Greek legend says that a Phoenician, Cadmus, brought writing to the Greeks. This is not hard to believe, as the earliest Greek glyphs look very similar to Phoenician. However, the Greek alphabet had something from the beginning that no other writing system had: full independent vowels. Having a full set glyphs for vowels and a full set of glyphs for consonants made Greek an alphabet instead of abjad or syllabary. All other alphabets derive from the Greek; there are no cases of people independently developing an alphabet (with the possible exception of Elder Futhark or Ogham, though I think that is unlikely).
There have been some syllabaries since that have vowels and syllables (e.g. Japanese), and some writing systems that decorate the consonant to indicate the vowel, but none where consonants and vowels are all there and independent units, except for those that derive from Greek.
It’s not that everyone before the Greeks was stupid: alphabetic writing systems can require many more glyphs to say the same thing than a logographic language, syllabary, or abjad. This is not a virtue when writing technology is either expensive (like papyrus) or awkward (like clay tablets).
Partly, Greeks established complete vowels because they had no choice: the language would be unintelligible without them. In Semitic languages, the vowels are not hugely important. Two different words with the same consonants are almost always related, like “swam” and “swum”: both have to do with splashing around in the water. In Indo-European languages like Greek, vowels are really important. “Drown” and “drawn” refer to radically different concepts!
Originally, Greek was written right-to-left (like Phoenician), then boustrophedon, but after a while they settled on left-to-right.
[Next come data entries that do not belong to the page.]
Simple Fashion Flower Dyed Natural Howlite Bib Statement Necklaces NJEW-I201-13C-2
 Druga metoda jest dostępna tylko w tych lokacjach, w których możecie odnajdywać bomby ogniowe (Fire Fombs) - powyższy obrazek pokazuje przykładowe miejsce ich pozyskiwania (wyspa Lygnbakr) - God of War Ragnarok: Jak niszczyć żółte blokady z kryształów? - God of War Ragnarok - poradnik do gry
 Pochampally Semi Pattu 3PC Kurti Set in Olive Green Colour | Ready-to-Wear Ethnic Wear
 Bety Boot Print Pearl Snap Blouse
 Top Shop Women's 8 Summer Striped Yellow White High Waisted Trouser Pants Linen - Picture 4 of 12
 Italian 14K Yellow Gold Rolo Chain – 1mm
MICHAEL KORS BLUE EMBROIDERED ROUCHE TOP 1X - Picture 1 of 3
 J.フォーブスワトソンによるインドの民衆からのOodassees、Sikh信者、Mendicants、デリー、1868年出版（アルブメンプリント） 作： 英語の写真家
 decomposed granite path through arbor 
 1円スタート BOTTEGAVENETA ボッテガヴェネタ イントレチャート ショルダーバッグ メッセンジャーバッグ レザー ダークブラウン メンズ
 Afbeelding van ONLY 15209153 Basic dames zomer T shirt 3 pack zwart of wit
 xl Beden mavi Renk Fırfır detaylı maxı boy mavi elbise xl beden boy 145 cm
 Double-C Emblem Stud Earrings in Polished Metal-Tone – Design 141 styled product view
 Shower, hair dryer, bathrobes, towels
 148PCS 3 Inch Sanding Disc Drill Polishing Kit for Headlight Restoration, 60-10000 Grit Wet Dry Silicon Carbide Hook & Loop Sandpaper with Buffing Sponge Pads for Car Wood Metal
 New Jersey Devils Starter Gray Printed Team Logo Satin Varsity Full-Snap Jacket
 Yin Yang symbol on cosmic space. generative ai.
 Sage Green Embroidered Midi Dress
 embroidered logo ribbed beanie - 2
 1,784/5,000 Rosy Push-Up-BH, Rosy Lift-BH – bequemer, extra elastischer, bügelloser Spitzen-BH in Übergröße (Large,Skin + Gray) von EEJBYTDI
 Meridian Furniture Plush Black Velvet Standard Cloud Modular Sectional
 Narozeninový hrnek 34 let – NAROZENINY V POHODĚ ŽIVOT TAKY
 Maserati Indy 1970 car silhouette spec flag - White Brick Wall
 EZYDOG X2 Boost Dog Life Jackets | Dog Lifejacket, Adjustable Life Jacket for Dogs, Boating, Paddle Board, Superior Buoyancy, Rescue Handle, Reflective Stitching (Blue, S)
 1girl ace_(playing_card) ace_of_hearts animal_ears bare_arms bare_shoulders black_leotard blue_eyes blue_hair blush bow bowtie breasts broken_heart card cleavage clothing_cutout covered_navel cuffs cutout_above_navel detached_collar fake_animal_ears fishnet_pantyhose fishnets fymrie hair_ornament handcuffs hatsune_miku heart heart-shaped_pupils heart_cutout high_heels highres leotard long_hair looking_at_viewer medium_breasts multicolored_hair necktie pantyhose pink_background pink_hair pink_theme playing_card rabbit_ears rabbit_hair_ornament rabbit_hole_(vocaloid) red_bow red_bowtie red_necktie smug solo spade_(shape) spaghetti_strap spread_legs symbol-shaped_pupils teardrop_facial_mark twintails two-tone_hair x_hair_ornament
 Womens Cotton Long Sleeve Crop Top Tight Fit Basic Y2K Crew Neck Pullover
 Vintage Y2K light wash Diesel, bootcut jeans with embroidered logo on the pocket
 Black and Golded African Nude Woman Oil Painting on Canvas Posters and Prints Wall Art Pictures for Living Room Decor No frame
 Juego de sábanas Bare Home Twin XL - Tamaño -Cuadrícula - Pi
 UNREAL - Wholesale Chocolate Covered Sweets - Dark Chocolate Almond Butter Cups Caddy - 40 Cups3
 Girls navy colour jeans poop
Because Greece had such significant linguistic separation (due to being a bunch of islands), there were significant dialectical differences in both written and spoken Greek. They didn’t settle on a standard alphabet until around 400 BC, when Athens standardized on the Ionian script.
While the Phoenicians spread their writing system along the southern part of the Mediterranean, the Greeks spread it along the northern part, most importantly to Italy.